The task: Leaving out the images, please reproduce each line below exactly.

── Data block

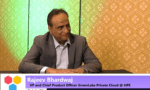 What is HPE VME and is it a direct competitor to VMware’s hypervisor?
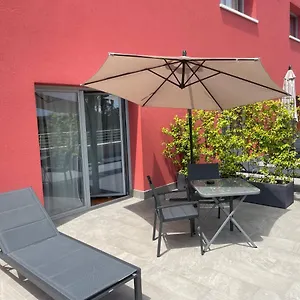 Torre Antica Venice Airport Italia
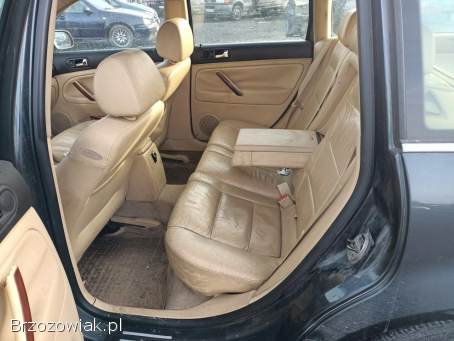 Volkswagen Passat 1.  9TDI 130km 03r 2003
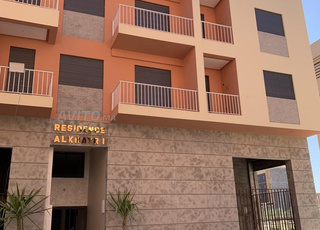 Appartement à vendre de 35m² à 100m² à Marrakech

────

Written solution:
 What is HPE VME and is it a direct competitor to VMware’s hypervisor?
 Torre Antica Venice Airport Italia
 Volkswagen Passat 1.  9TDI 130km 03r 2003
 Appartement à vendre de 35m² à 100m² à Marrakech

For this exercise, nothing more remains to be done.